The current checkpoint directory layout (introduced by FLINK-8531) is as follows:

        + --shared/
        + --taskowned/
        + --chk-1/
        + --chk-2/
        + --chk-3/

The SHARED directory is for state that is possibly part of multiple checkpoints, TASKOWNED is for state that must never be dropped by the JobManager, and EXCLUSIVE is for state that belongs to one checkpoint only.

Attention: The checkpoint directory is not part of a public API and can be changed in the future release.

Configure globally via configuration files

state.checkpoints.dir: hdfs:///checkpoints/

Configure for per job when constructing the state backend

env.setStateBackend(new RocksDBStateBackend("hdfs:///checkpoints-data/"));

Difference to Savepoints

Checkpoints have a few differences from savepoints. They

  • use a state backend specific (low-level) data format, may be incremental.
  • do not support Flink specific features like rescaling.

Resuming from a retained checkpoint

A job may be resumed from a checkpoint just as from a savepoint by using the checkpoint’s meta data file instead (see the savepoint restore guide). Note that if the meta data file is not self-contained, the jobmanager needs to have access to the data files it refers to (see Directory Structure above).

$ bin/flink run -s :checkpointMetaDataPath [:runArgs]

Unaligned checkpoints

Starting with Flink 1.11, checkpoints can be unaligned. Unaligned checkpoints contain in-flight data (i.e., data stored in buffers) as part of the checkpoint state, which allows checkpoint barriers to overtake these buffers. Thus, the checkpoint duration becomes independent of the current throughput as checkpoint barriers are effectively not embedded into the stream of data anymore.

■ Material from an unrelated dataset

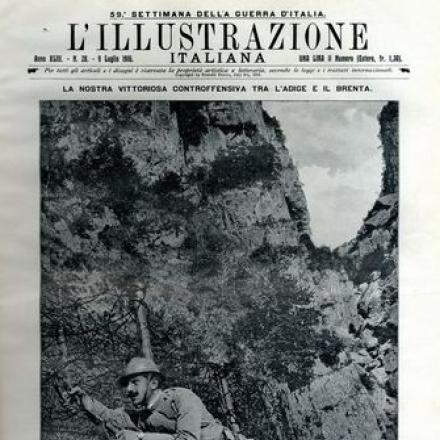 Taglio di reticolati in pieno giorno tra l'Adige e il Brenta - Fonte: L'Illustrazione Italiana del 9 luglio 1916
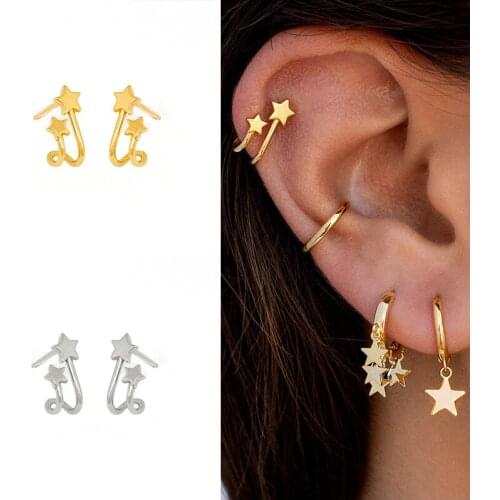 Star Stud Earrings 925 Sterling Silver Earrings for Women Minimalist Exquisited Fashion Jewelry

You should use unaligned checkpoints if your checkpointing durations are very high due to backpressure. Then, checkpointing time becomes mostly independent of the end-to-end latency. Be aware unaligned checkpointing adds to I/O to the state backends, so you shouldn’t use it when the I/O to the state backend is actually the bottleneck during checkpointing.

Note that unaligned checkpoints is a brand-new feature that currently has the following limitations:

  • You cannot rescale or change job graph with from unaligned checkpoints. You have to take a savepoint before rescaling. Savepoints are always aligned independent of the alignment setting of checkpoints.
  • Flink currently does not support concurrent unaligned checkpoints. However, due to the more predictable and shorter checkpointing times, concurrent checkpoints might not be needed at all. However, savepoints can also not happen concurrently to unaligned checkpoints, so they will take slightly longer.
  • Unaligned checkpoints break with an implicit guarantee in respect to watermarks during recovery:

Currently, Flink generates the watermark as a first step of recovery instead of storing the latest watermark in the operators to ease rescaling. In unaligned checkpoints, that means on recovery, Flink generates watermarks after it restores in-flight data. If your pipeline uses an operator that applies the latest watermark on each record, it will produce different results than for aligned checkpoints. If your operator depends on the latest watermark being always available, then the workaround is to store the watermark in the operator state. To support rescaling, watermarks should be stored per key-group in a union-state. We most likely will implement this approach as a general solution (didn’t make it into Flink 1.11.0).

In the upcoming release(s), Flink will address these limitations and will provide a fine-grained way to trigger unaligned checkpoints only for the in-flight data that moves slowly with timeout mechanism. These options will decrease the pressure on I/O in the state backends and eventually allow unaligned checkpoints to become the default checkpointing.